Addendum, als gemeinnütziges „anderes“ Medium gegründet, hatte nie wirklich sein Publikum gefunden. Ausgeglichen bilanzieren konnte man nur, weil die Quo Vadis Veritas GmbH an Servus TV Reportagen lieferte. Als die Aufträge von diesem anderen wichtigen Teil des Mateschitz-Universums ausblieben, liefen die Unkosten direkt zulasten des Milliardärs. Der - immer schon beinharter Geschäftsmann - schaute da nicht lange zu.

Addendum war immer eine künstliche Blase von Gnaden des Red-Bull-Gründers gewesen: Exzellente Journalistinnen und Journalisten fanden dort eine (oft gut bezahlte) vorübergehende Heimat in einem immer härter werdenden Jobmarkt. Der Markt für diese Arbeitskräfte war in Wahrheit nicht vorhanden, was umso bitterer zeigt, wie sehr hier ein mächtiger Mann auf eine systemrelevante Branche einwirkt: Talente um sich scharen, um sie dann kaltschnäuzig zu feuern, mag in der Red-Bull-Welt normal sein - in der Medienbranche, in der Berichterstatterinnen und Berichterstatter einen sicheren Hafen brauchen, um kritisch ihrer Arbeit nachgehen zu können, ist das eine gefährliche Unsitte.

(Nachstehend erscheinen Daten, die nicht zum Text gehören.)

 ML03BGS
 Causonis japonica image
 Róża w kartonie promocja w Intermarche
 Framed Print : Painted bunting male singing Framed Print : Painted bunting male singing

Addendum ist jedoch auch ein Modellfall für ein viel größeres Problem in der TV-Branche: Wenn Mateschitz (oder seine Erben bzw. Mitgesellschafter) dereinst das Interesse am ebenso künstlich hochgefahrenen Fernsehsender Servus TV verliert, wackeln viele Jobs in der gesamten Produktionslandschaft. Schon einmal hat er von heute auf morgen den Sender zu- und nach Demutsgesten von Gewerkschaft und Mitarbeitern wieder aufgesperrt, weil man in der Firma gewagt hatte, das Wort „Betriebsrat“ in den Mund zu nehmen.

Mateschitz ist in der heimischen Medienbranche ein wichtiger Geldgeber, aber er versteht es offenkundig nicht, nachhaltig mit dieser umzugehen. Entweder wir wirtschaften nachhaltig, oder gar nicht. Für die Launen eines Milliardärs taugen Fernsehsender, Medienplattformen und Magazine nicht.

Er sollte seine Verantwortung erkennen. Und entsprechend Vorsorge tragen.